Auch spezifische Präventionsmaßnahmen, die sich auf den Einzelnen beziehen, müssen besser werden: "Hier können wir mittlerweile diejenigen beispielsweise mit einem Prädiabetes zuverlässig erkennen, die das höchste Risiko haben, einen Diabetes zu entwickeln", betont Professor Dr. med. Andreas Fritsche, Vizepräsident der DDG. Für diese Hochrisikopatient:innen bedarf es dann individueller Konzepte, wie sie ihren Lebensstil verändern sollen und auch können. Das DZD arbeitet seit Jahren daran, solche Phänotypen zu identifizieren. Mittlerweile weiß die Wissenschaft genau, wer auf welche Präventionsmaßnahme positiv reagiert und wer nicht. "Heute haben wir eine präventive Unterversorgung bei den Hochrisikogruppen und eine Überversorgung bei jenen, die nie einen Diabetes entwickeln werden", so Fritsche, der am Institut für Diabetesforschung und Metabolische Erkrankungen (IDM) des Helmholtz Zentrums München, die Prädiabetes Lebensstil Intervention Studie (PLIS) an der Universität Tübingen begleitet.
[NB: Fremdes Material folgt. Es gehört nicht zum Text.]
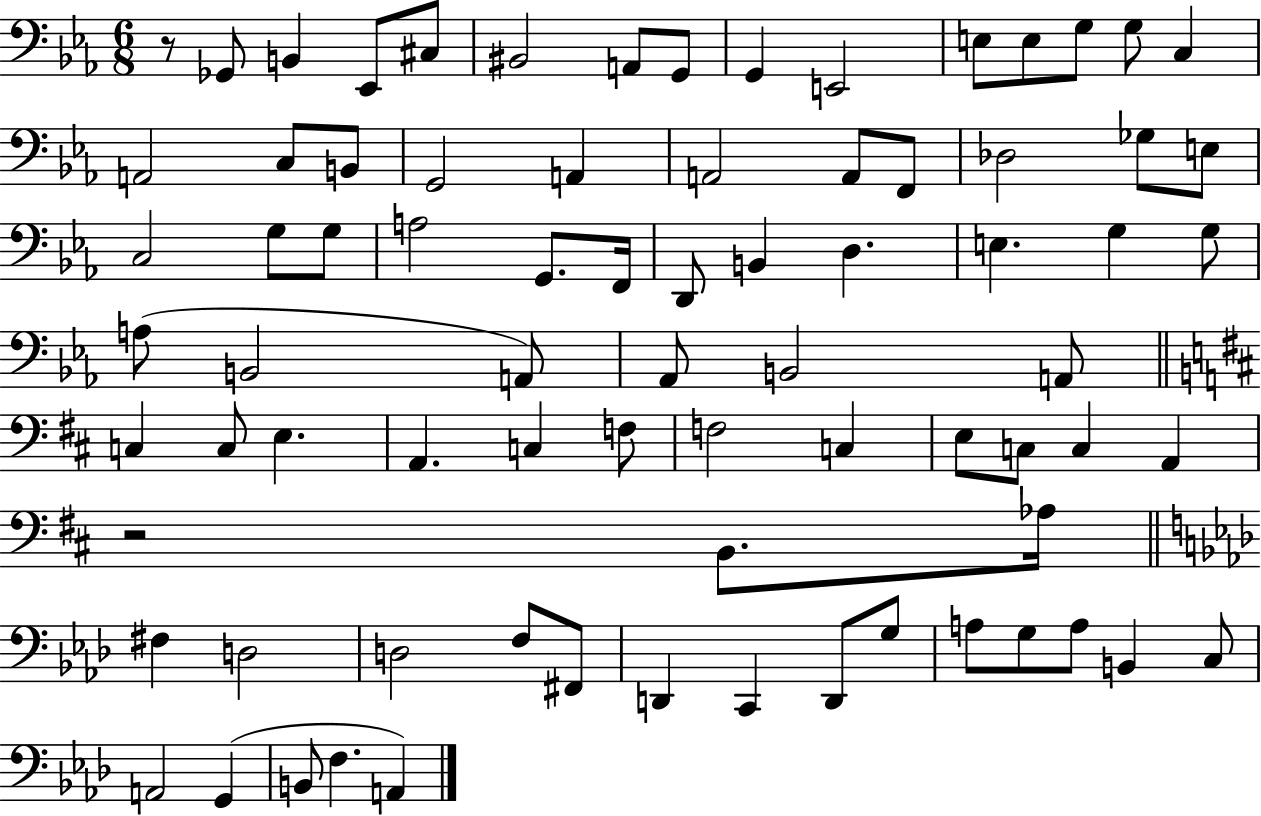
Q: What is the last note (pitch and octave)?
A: A2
Dieses Präventionsdilemma müsse bei der Weiterentwicklung des Präventionsgesetzes berücksichtigt werden. "One size fits all passt in der Diabetologie nicht", kritisiert Fritsche und fordert die Politik auf, beim Thema Prävention die Expertise des DZD und der DDG einzubinden. Außerdem müsse auch die Politik lernen, dass Prävention nicht das Thema eines Ressorts sei, sondern Gesundheits-, Wissenschafts-, Sozial- und Landwirtschaftspolitik gleichermaßen betreffe.
Wichtig ist es außerdem, nicht nur die Primärprävention - die Vermeidung von Diabetes - zu verbessern, sondern auch die Sekundärprävention - die Vermeidung der Folgeerkrankungen, die durch eine Diabeteserkrankung auftreten können und die zu einer verkürzten Lebenszeit führen. Auch hier wissen Wissenschaftler:innen mittlerweile, wer welche Folgeerkrankungen entwickeln wird, so dass die gesamte Versorgung zielgerichtet gestaltet werden kann. Menschen mit Diabetes Typ 2 leben häufig lange mit behandlungsbedürftigen, gesundheitlichen Einschränkungen - Komplikationen nehmen im Laufe der Zeit zu und die Lebensqualität sinkt. Auch diese Entwicklung lässt sich durch Prävention vermeiden oder zumindest verlangsamen. "Da weiterhin tatenlos zuzusehen, können wir als Gesellschaft nicht akzeptieren", so Fritsche.